Work item
The copy you produce must repeat each record exactly and contain no pictures.

Extracted data
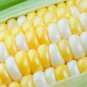 Fresh Peaches And Cream Sweet Corn Seeds 250+ Seeds Garden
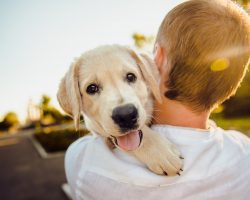 Everything A New Dog Owner Needs To Know Before Getting A Pup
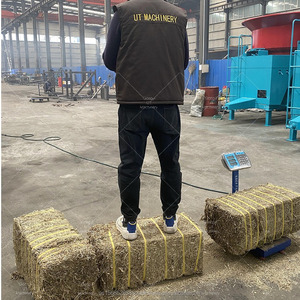 Machines automatiques pour le pressage horizontal et l'emballage de l'herbe ensilage paille foin luzerne - Product Image 6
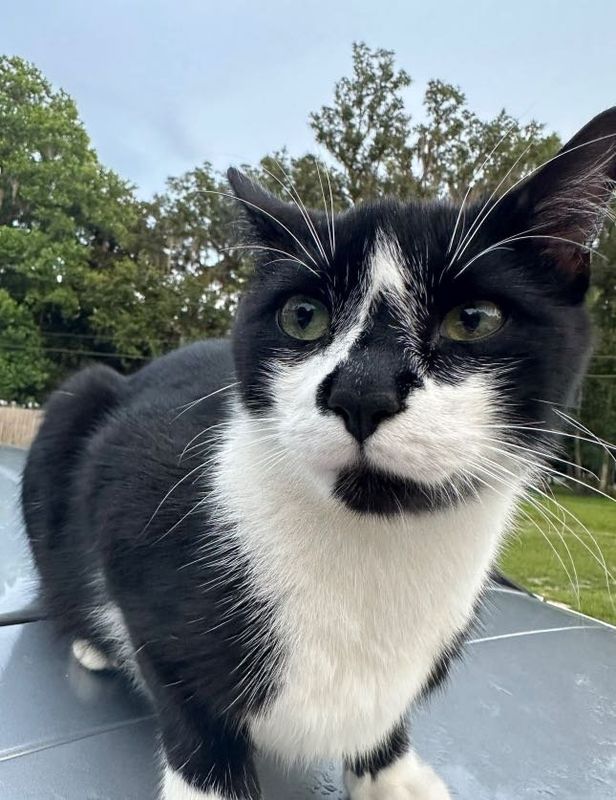 Lost Cat in Yankeetown — listing photo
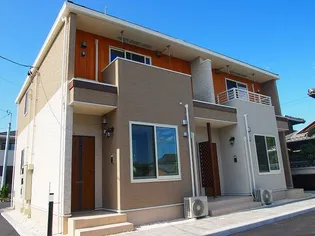 シェーン バッハ 上富井Bの画像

Output of the exercise
 Fresh Peaches And Cream Sweet Corn Seeds 250+ Seeds Garden
 Everything A New Dog Owner Needs To Know Before Getting A Pup
 Machines automatiques pour le pressage horizontal et l'emballage de l'herbe ensilage paille foin luzerne - Product Image 6
 Lost Cat in Yankeetown — listing photo
 シェーン バッハ 上富井Bの画像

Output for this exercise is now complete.